The more general solution has already been deployed, not by physicists or hardware engineers, but by us - the software people. It's log structured storage. From the perspective of the question you posed, the answer we developed is "don't do free()'s". Interestingly, as this conversation is about the connection between time and information, we use a technique that does not destroy information because there are places we have to roll back time in order to keep our data structures consistent.
Posted Oct 13, 2020 15:28 UTC (Tue)
by immibis (subscriber, #105511)
[Link]
Therefore you can't have states A and B which both go to C, because a universe in state reverse(C) wouldn't know whether to go to reverse(A) or reverse(B). Information cannot be deleted.
So how do computers delete information, then? Well, the universe is full of states we don't care about, so we just cheat and move the information to one of those. For example, writing 1 releases energy from a different point in the chip than writing 0, which causes a different vibration in the silicon lattice, which transfers to the plastic packaging, which causes an air molecule to bounce off the chip differently.
That means if there are 1 zillion different ways the air molecules would've bounced (if the chip was turned off), now there are 2 zillion, because all the bounces after 0 is written are different from all the bounces after 1 is written. Obviously air can bounce a lot of ways - but the problem is that all of the 1-zillion input states map to 1-zillion output states already. There's no way to get more output states than input states without giving the molecule more energy - which allows it to be in states it couldn't be in with its previous amount of energy. Therefore the chip must have transferred a bit of energy to the air molecule. There is no other way it could work.
All of this applies *on average*, by the way.
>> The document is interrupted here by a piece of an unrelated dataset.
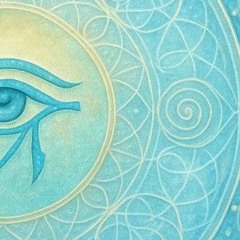 Dj set Melodic Techno Club Edit x Domi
Or here's a different explanation: If you consider a computer that's known to be in 1 of 1000 states, and the air in the room that's in 1 of 1 zillion states, there are 1000 zillion states in total (the cartesian product). If the computer is in 1 of 500 states in the next timestep, there still must be 1000 zillion states for the computer+air system, because the universe is reversible. Therefore the air must be in 1 of 2 zillion states. This doesn't apply to reversible computers, because reversible computers *don't* decrease their number of states in any time step.